La France a connu récemment une multiplication d’actes antisémites – +74 % en 2018. Mardi, 96 tombes ont été découvertes profanées dans un cimetière juif alsacien.
L’intellectuel et membre de l’Académie française Alain Finkielkraut a été violemment pris à partie samedi en marge d’un défilé des « gilets jaunes » par des manifestants, dont l’un a notamment utilisé le mot « sioniste ». Cela a suscité un débat en France sur le sens à donner à ce mot dans ce contexte.
Quelques jours plus tôt, des portraits de Simone Veil, rescapée d’Auschwitz et figure récemment décédée de la vie politique française, avaient été barrés d’une croix gammée. Et un arbre planté à la mémoire d’Ilan Halimi, un jeune juif torturé à mort en 2006, avait été retrouvé scié.
Des rassemblements contre l’antisémitisme se sont tenus mardi dans de nombreuses villes à travers la France, notamment place de la République à Paris où près de 20 000 personnes ont dénoncé ces actes.

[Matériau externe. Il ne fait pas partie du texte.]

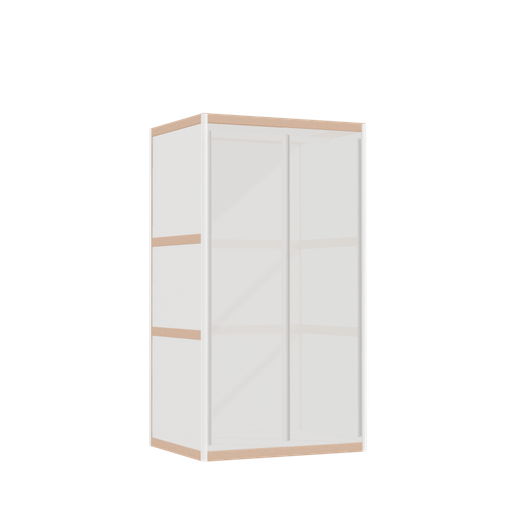 [400535056] Penderie (147x80x62 cm)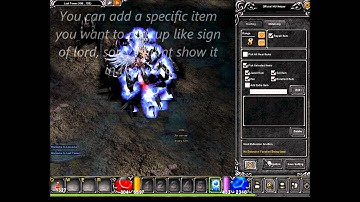 Mu Online Season 6 Autoclicker Tutorial!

« La masse n’était pas là, la foule n’était pas là », a ainsi regretté à l’antenne de la chaîne CNews l’avocat Serge Klarsfeld, connu pour sa traque d’anciens nazis. « L’antisémitisme, ça ne se guérit pas facilement, c’est un travail très long ».
En 2018, l’Agence juive estimait à 45 000 – un dixième de la communauté – le nombre des juifs de France ayant fait leur alyah, l’émigration vers Israël, en une décennie.

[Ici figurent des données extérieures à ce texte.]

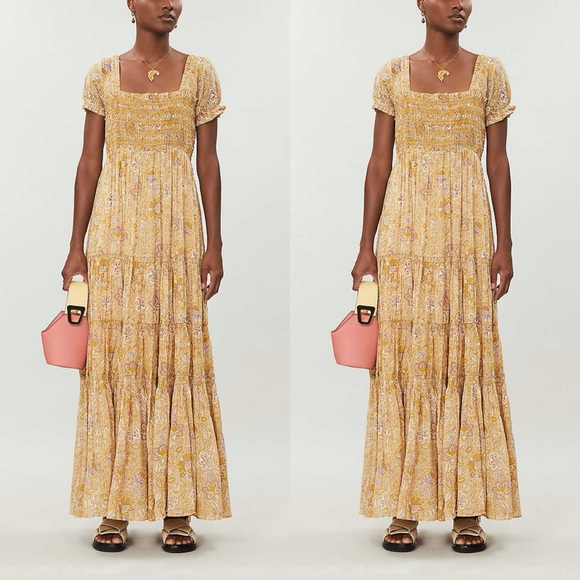 Free People Getaway Maxi Dress - Picture 2 of 6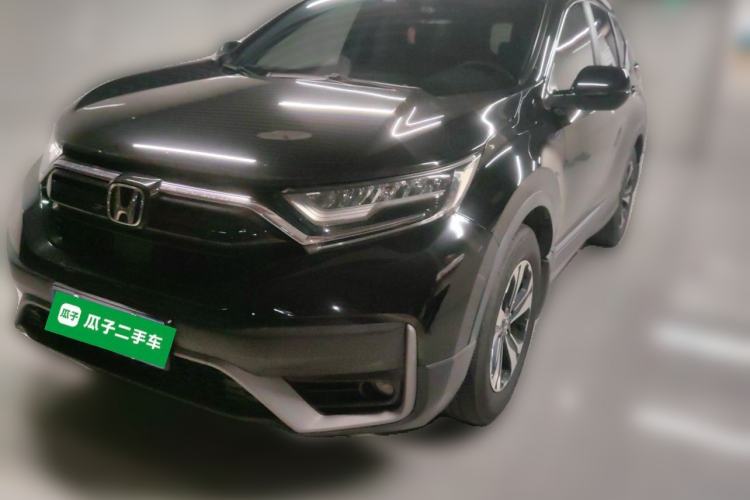 Used Honda CR-V 2021 240TURBO CVT Two-Wheel Drive Urban Edition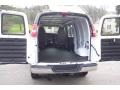 Summit White - Express 3500 Extended Work Van Photo No. 11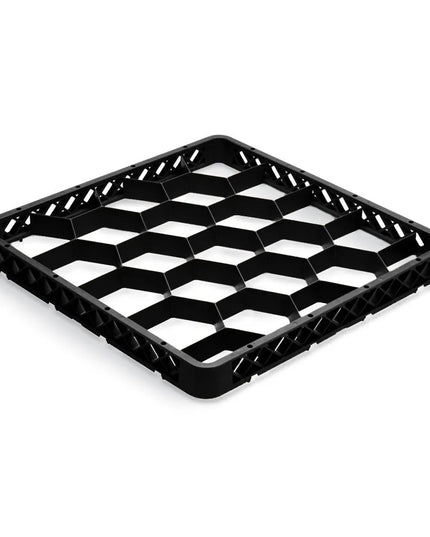 Khung Mở Rộng Giá Rửa Ly Cỡ Lớn Vollrath TRG 20 Ngăn, Đen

Dans son discours, le président du Crif, Francis Kalifat, avait lancé un appel aux musulmans et aux imams à lutter contre l’antisémitisme et à « en finir avec la justification religieuse de la haine des juifs ».
Il avait également dénoncé « l’antisémitisme de certains musulmans, l’antisémitisme de certains gilets jaunes ».

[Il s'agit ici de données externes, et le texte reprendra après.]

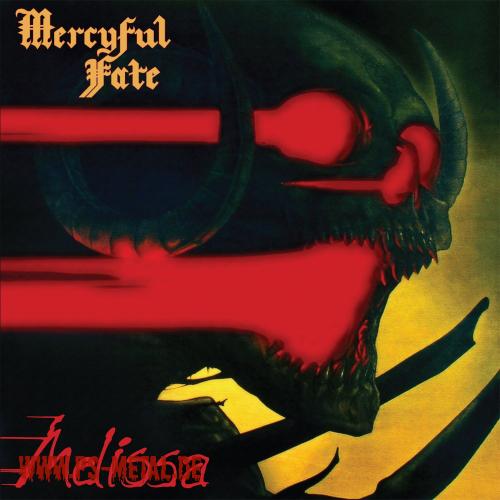 Mercyful Fate - MelissaLP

« L’engagement du président français Macron d’adopter la définition de l’IHRA, reconnaissant ainsi que l’antisémitisme est un problème dominant qui doit être abordé de manière frontale et universelle, est une étape encourageante. Cependant, il ne s’agit que du début d’un long chemin à parcourir et nous devons tous continuer à être aussi vigilants que possible. Des actions, et non des mots, sont nécessaires pour éradiquer réellement ce problème. L’adoption de cette définition de l’antisémitisme doit être suivie de mesures concrètes pour légiférer et veiller à son application dans tous les domaines, » a déclaré Ronald S. Lauder, président du Congrès juif mondial, qui s’est dit prêt à aider le gouvernement français.